I’ve never seen a narwhal, alive or dead, but they are so indelibly connected with the Arctic, that they swept me away to the winter sea ice of Hudson Bay, to Arvia’juaq and Huluraq, to beluga whale hunting in summer with Arden and Frank, to arctic char fishing with my ataata Pemik. Once again, I was a blubbering wreck, clinging to the larger of the two tusks like a drowning woman. Again, nostalgia for a time and place overcame me and I was momentarily grief-stricken. Unlike Japan, Nunavut (and, specifically, Arviat) is a continuing presence in my life, through my research, my on-going relationships with people there (one of the great positives of social media), through my daughter’s name, and through the way my lived experiences and academic research of Inuit life have changed forever the way I interact with humans and other animals and with the world around me. But the Arviat I knew has changed. Some of the people most important to me are no longer there – passed on or moved on – and I too am changed.
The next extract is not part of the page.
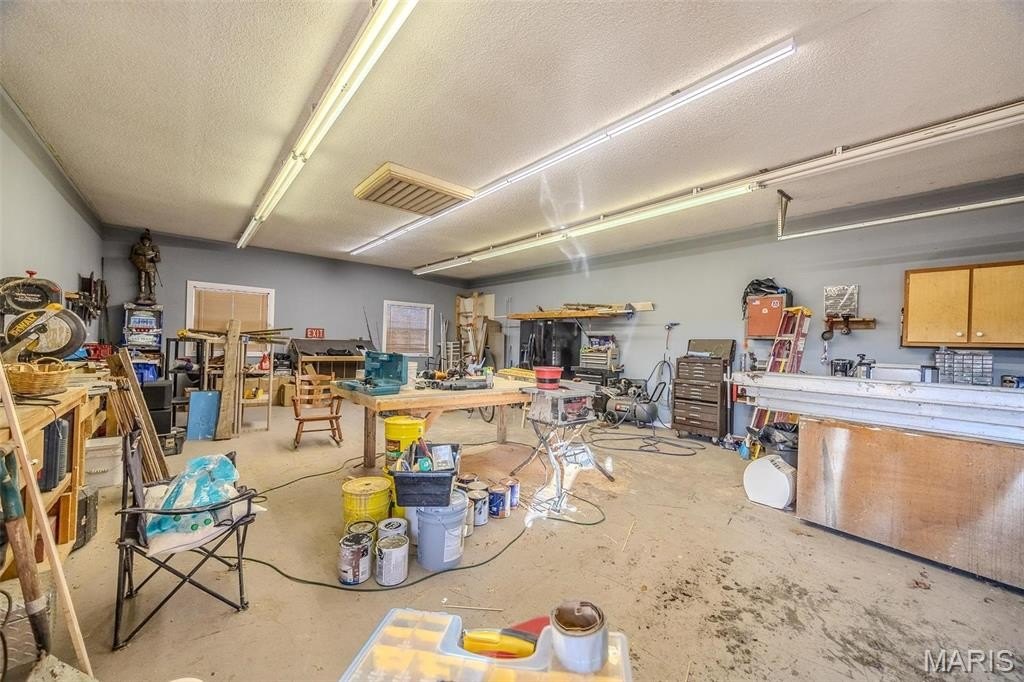 Lebanon, Missouri, 65536, United States, 4 Bedrooms Bedrooms, ,4 BathroomsBathrooms,Residential,For Sale,1976703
I composed myself for the second time in so many hours, continued my exploration of the museum and then sat in the museum café with a pot of tea and toasted crumpet. As I sat, I reflected on how the materiality of those objects had drawn out this nostalgia in me. Two objects, one removed from its cultural setting and the other from its natural setting, and set in a different context thousands of miles away. The cultural distance the tsuru had travelled was, perhaps, less great, as these delicate paper cranes have come to symbolize peace, the anti-war movement and nuclear disarmament throughout the world. But, just as the tusk of an Arctic marine mammal was far from the place and context of its origin, so too, the tsuru, placed in an Anglican cathedral in the middle of England, had been decontextualized from Japan’s long history of origami and other delicate crafts. It was the sudden and unexpected encounter with these objects out of place that caused them to grab me by the wrist and pull me back to the places of their origin, places that, for half of my life, have had meaning for me.
But my encounters with those objects also caught me at a moment when I was feeling particularly melancholic. Another day, in a different mood, nostalgia brought about by the tsuru and the narwhal tusks might have caused me to laugh aloud with joyful reminiscences of the same times, places and people. I was reminded of this a few days later when, back home again in Sanlúcar de Guadiana, I caught the smell and texture of spring in the air, and it brought me back to the springs of my childhood in Ireland. This time, in a buoyant mood, I grinned from ear to ear.